DeepSWE: Open-Source Programming Agent Benchmark

Current

DeepSWE: Open-Source Programming Agent Benchmark

Datacurve releases DeepSWE, an open-source benchmark evaluating long-horizon trajectory planning and complex codebase editing capabilities of frontier models across TypeScript, Go, Python, JavaScript, and Rust.

Currency ID deepswere-open-source-programming-agent-benchmark

Date May 28, 2026

Language English

Signal

@0xLogicrw: AI 基础设施初创公司 Datacurve 宣布开源编程智能体基准测试 DeepSWE，针对超长、复杂的真实软件工程任务，评估前沿大模型的自主编程能力。 · twitter · 2026-05-27 Datacurve has released DeepSWE, an open-source benchmark designed to evaluate the autonomous programming capabilities of frontier large language models. Unlike conventional benchmarks that focus on isolated issue resolution, DeepSWE targets long-horizon trajectory planning and complex, multi-file codebase editing. The initial release comprises 113 tasks spanning TypeScript, Go, Python, JavaScript, and Rust, establishing a standardized evaluation surface for agentic software development workflows.

Context

The evolution of autonomous coding agents has shifted from single-turn code generation to multi-step, stateful repository manipulation. Existing evaluation suites often fragment across narrow task types or rely on synthetic repositories, failing to capture the dependency management, architectural refactoring, and iterative debugging required in production environments. DeepSWE emerges as a direct response to this gap, structuring evaluation around sustained agent interaction with real-world codebases. This aligns with the broader infrastructure pattern where agent capabilities are measured not by static prompt adherence, but by their ability to maintain context, track state changes, and execute coherent multi-step workflows across heterogeneous language ecosystems.

Relevance

DeepSWE functions as a measurement layer for the agentic software development infrastructure circuit.
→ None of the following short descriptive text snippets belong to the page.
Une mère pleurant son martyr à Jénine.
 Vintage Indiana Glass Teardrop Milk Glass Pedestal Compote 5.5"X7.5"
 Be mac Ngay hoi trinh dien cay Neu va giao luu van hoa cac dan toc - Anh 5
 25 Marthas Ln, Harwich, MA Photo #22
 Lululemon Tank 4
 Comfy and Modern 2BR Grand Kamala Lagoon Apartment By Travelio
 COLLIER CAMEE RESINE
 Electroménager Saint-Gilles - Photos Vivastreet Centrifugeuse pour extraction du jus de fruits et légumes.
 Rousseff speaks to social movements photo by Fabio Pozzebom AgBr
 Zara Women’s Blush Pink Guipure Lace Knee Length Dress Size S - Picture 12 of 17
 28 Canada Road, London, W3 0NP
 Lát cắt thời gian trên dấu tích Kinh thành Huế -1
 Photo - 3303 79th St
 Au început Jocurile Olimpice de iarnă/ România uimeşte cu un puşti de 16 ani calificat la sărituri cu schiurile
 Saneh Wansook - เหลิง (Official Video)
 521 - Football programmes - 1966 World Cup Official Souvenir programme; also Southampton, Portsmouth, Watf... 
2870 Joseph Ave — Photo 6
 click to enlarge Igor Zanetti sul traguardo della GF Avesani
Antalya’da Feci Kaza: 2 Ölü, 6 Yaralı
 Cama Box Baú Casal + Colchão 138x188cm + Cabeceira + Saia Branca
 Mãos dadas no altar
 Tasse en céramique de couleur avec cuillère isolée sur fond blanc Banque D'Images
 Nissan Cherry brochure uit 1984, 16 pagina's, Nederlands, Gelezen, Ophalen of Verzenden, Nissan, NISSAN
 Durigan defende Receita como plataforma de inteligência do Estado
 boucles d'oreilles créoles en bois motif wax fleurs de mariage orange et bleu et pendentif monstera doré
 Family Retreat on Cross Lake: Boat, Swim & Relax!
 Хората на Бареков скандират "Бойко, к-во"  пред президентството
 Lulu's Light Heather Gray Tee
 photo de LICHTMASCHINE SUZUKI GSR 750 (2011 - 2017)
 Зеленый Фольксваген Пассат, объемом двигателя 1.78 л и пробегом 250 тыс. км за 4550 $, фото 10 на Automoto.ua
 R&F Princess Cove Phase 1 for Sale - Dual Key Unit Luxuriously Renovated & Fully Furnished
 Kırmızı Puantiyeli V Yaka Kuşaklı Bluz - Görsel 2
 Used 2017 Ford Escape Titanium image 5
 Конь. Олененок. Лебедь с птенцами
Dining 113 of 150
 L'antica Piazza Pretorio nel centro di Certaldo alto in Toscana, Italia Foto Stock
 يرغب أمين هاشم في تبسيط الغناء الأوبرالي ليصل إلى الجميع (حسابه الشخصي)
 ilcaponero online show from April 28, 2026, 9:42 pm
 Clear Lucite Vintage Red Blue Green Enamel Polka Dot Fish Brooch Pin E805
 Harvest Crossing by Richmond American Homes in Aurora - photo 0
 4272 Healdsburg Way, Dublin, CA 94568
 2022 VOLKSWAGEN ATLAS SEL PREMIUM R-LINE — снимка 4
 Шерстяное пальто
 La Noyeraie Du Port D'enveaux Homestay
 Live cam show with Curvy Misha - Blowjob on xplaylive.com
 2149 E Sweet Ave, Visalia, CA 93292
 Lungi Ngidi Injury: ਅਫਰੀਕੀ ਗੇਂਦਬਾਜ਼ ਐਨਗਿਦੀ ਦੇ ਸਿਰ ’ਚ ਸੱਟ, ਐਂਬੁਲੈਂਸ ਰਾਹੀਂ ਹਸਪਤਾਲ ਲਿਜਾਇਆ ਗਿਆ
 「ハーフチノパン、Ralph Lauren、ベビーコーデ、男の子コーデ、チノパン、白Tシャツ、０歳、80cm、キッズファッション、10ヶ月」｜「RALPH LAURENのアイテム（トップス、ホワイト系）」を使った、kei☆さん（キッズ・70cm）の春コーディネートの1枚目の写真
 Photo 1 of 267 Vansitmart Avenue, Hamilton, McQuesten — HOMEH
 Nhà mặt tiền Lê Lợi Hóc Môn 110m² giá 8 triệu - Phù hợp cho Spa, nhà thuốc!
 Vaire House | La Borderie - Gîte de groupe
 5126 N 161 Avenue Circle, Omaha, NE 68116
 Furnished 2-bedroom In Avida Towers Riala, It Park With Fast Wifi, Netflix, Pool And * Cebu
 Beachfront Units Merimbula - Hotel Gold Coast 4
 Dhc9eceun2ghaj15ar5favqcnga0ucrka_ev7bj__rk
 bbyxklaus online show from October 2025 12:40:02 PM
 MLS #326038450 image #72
By standardizing how long-horizon coding tasks are defined, executed, and scored, it provides a reproducible baseline for comparing model routing, tool-use fidelity, and memory retention strategies. The benchmark's focus on trajectory planning directly intersects with specification-driven orchestration and declarative skill packaging, offering empirical data on where current agent frameworks succeed or fail in maintaining execution continuity without human intervention.

Current State

The benchmark is currently in its initial release phase, containing 113 curated tasks across five major programming languages. Datacurve positions it as a technical alternative to SWE-Bench Pro, emphasizing depth over breadth in repository complexity. Early evaluation cycles will likely focus on measuring token efficiency, error recovery rates, and structural integrity preservation during multi-file modifications. The open-source nature of the benchmark allows framework developers to integrate it directly into CI pipelines, enabling continuous capability tracking rather than one-time model comparisons.

Open Questions

How does DeepSWE handle dependency resolution and test suite execution when agents modify shared modules across language boundaries?
What metrics define successful trajectory completion when agents encounter irreversible state changes or conflicting architectural decisions?
Will the benchmark evolve to include automated human-in-the-loop review gates, or remain strictly deterministic in its pass/fail criteria?
How do different runtime environments (e.g., sandboxed vs. local execution) impact the reproducibility of agent performance across the 113 tasks?